In recent literature, a commonly used paradigm is to first fit a diffusion model up to a given time t, and then calculate the influence based on the learned model. In this two-stage paradigm, the calculated influence is determined by the underlying assumed diffusion model. However, in reality, the true diffusion mechanism is never known, and the proposed model may be misspecified.
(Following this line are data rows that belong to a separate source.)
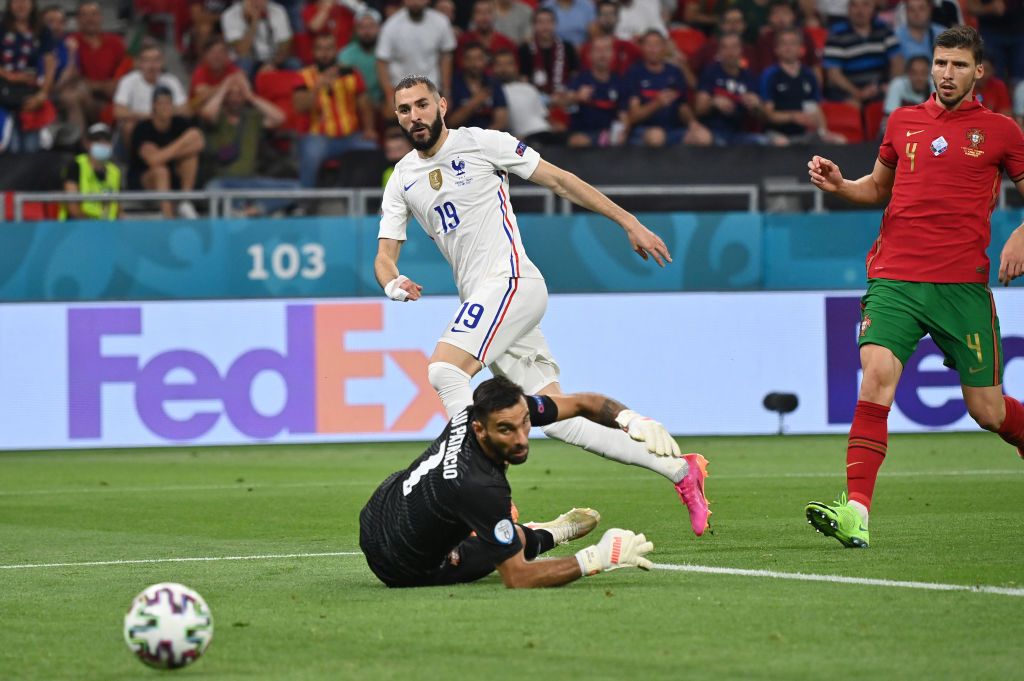 BUDAPEST, HUNGARY - JUNE 23: Karim Benzema of France celebrates after scoring their side's second goal during the UEFA Euro 2020 Championship Group F match between Portugal and France at Puskas Arena on June 23, 2021 in Budapest, Hungary. (Photo by Alex Pantling/Getty Images)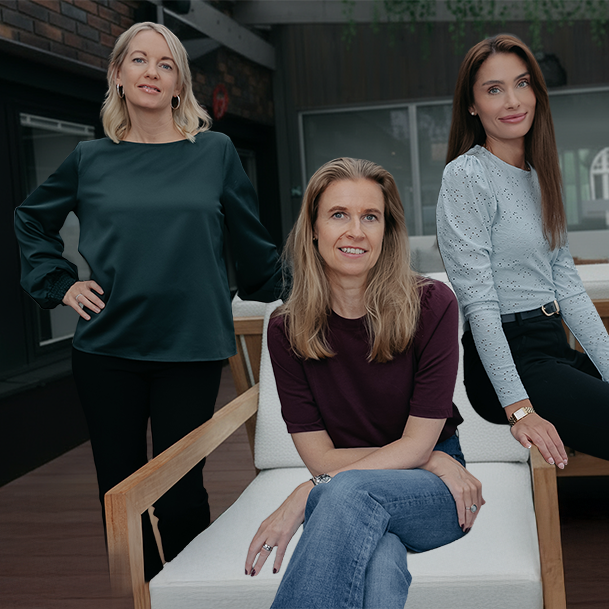 Kvinna med långt blont hår som ler och håller en whiteboard-pennor framför en whiteboard med ordet 'MÅH!' skrivet på den.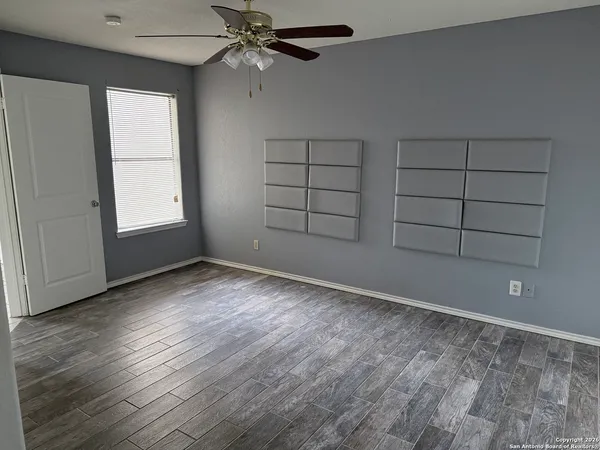 an empty room with cabinet and windows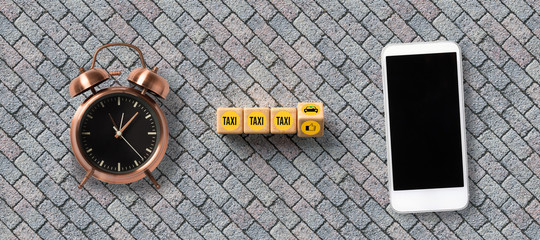 cubes with car symbol and text TAXI and a smartphone on stone background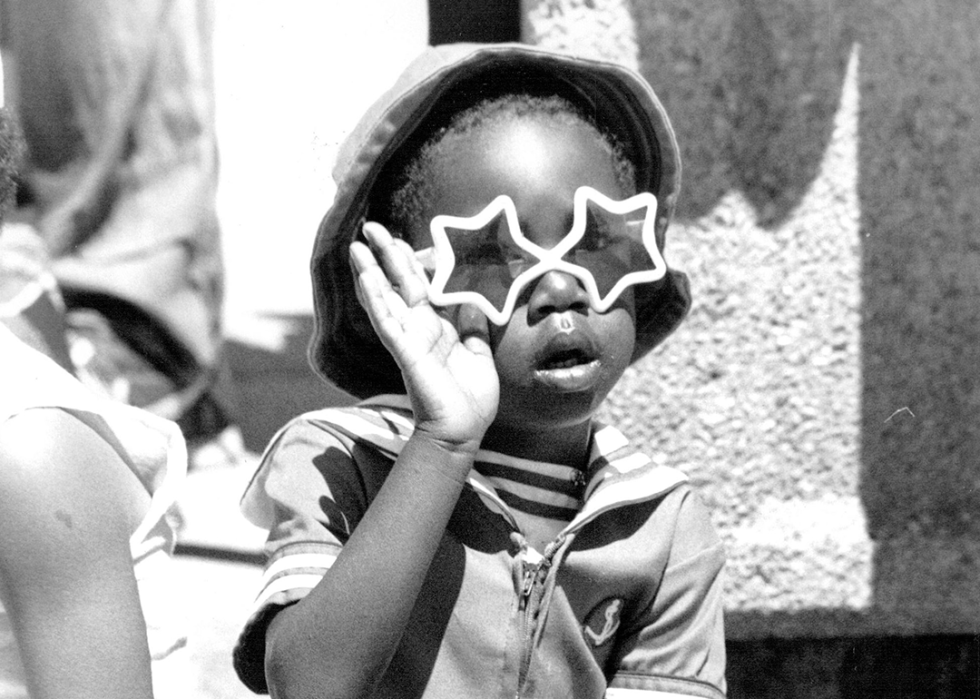 A child wearing star sunglasses waves at a passing parade.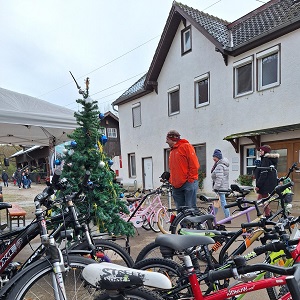 Fahrradwerkstatt auf dem Weihnachtsmarkt am Waldeckhof mit einer Auswahl an Kinderrädern und winterlicher Dekoration.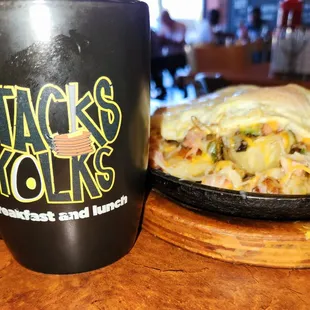 a plate of food and a coffee mug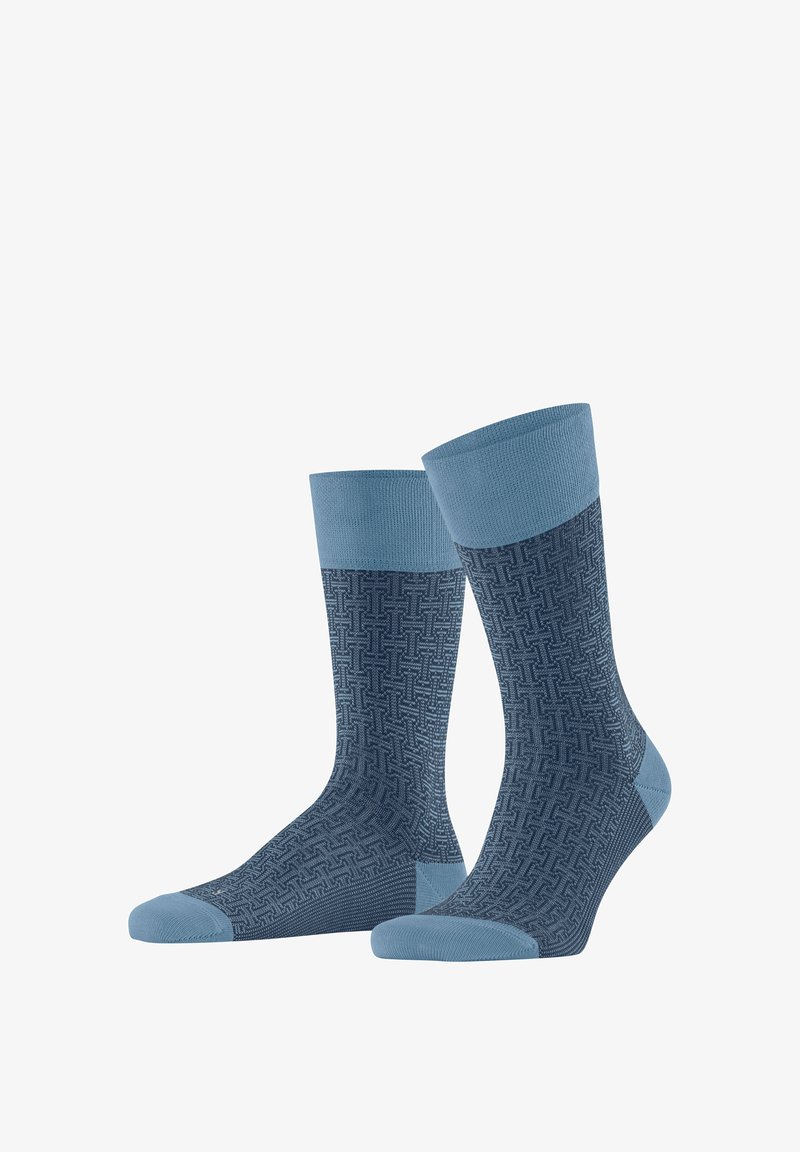 Pair of blue crew socks with light blue cuffs, heels, and toes, featuring a textured geometric pattern on the main body.
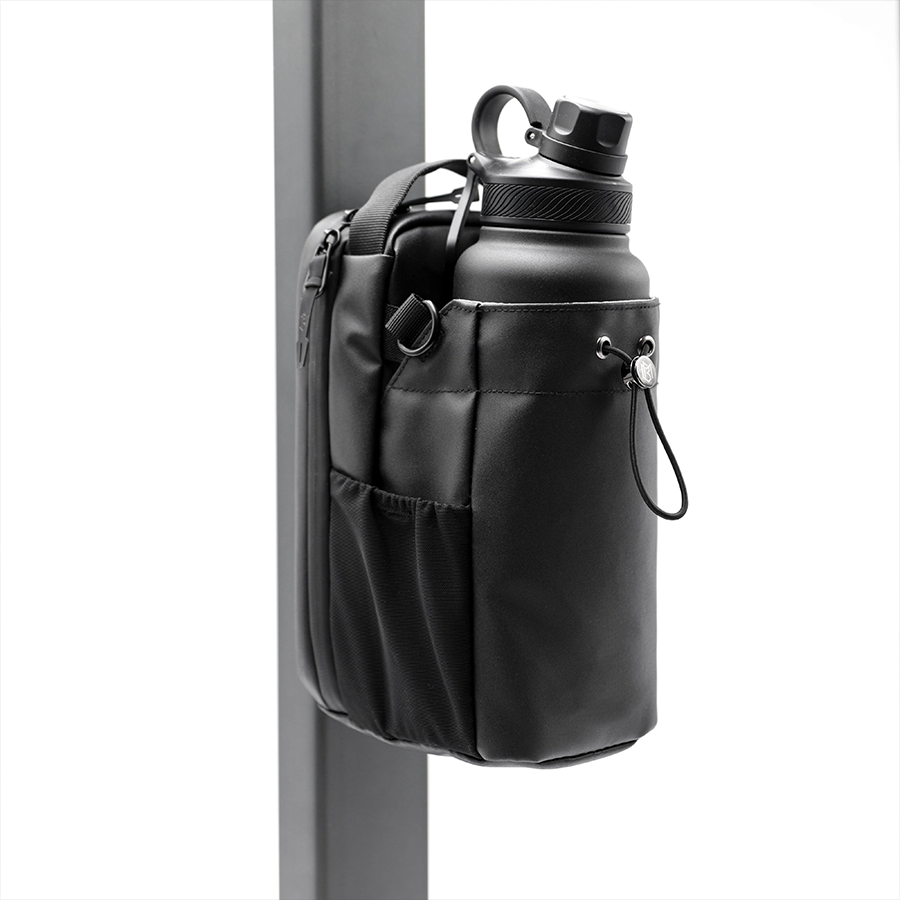 Magnetic water bottle pouch - can conceal firearms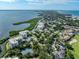 Aerial view of waterfront community with lush landscaping, tennis courts, and bay views at 2020 Harbourside Dr # 424, Longboat Key, FL 34228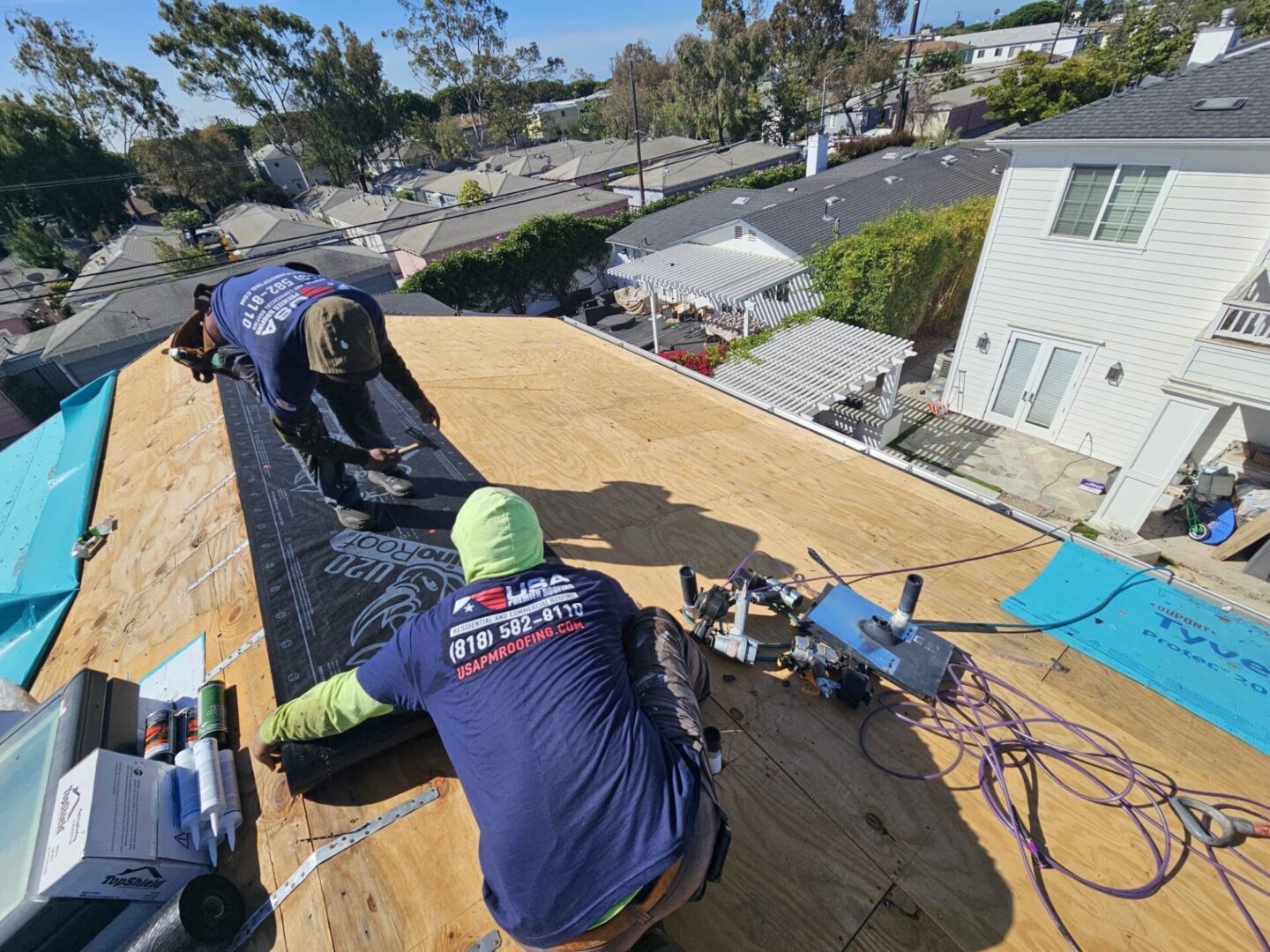 Two workers installing plywood on a residential roof under clear skies.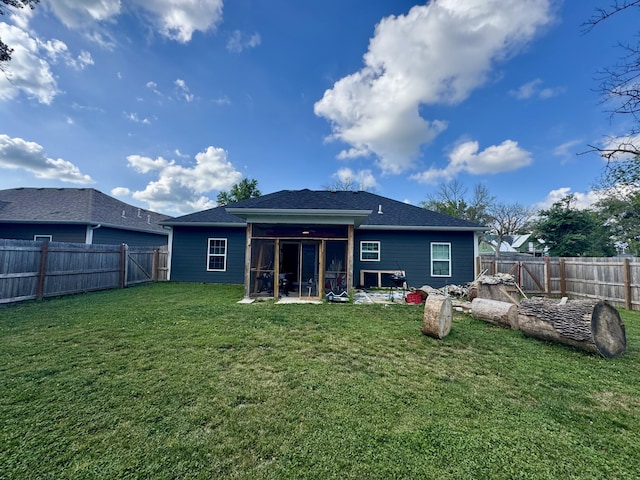 200 W Lakeview Ave, Centralia, MO 65240 - back of house with a sunroom, a fenced backyard, and a shingled roof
In contrast, the direct learning of the time-varying coverage function allows us to query the influence value of any given source set S at any time t without assuming any specific diffusion model and the need of updating and refitting.

Assigned_Reviewer_9:

We model the intensity function of the counting process as a weighted combination of random kernel functions. The kernels are centered around randomly chosen time points, rather than on previous event time points. Thus, the kernels are not used to capture the self-exciting effect (as in Hawkes process), but to obtain a smooth intensity function.

Assigned_Reviewer_42:

All competitors in section 7.1 use the temporal information. For the kernel regression, it is fitted to each specific time point at which we compare the estimated influence value. For the two-stage approaches, a diffusion model is first fitted up to time t and then the influence value is calculated based on the model. In fact, the two-stage approaches require even more information, such as the identity of the infected node, to learn the model. This information is not needed for our method, but we give the competitors this advantage in the experiments.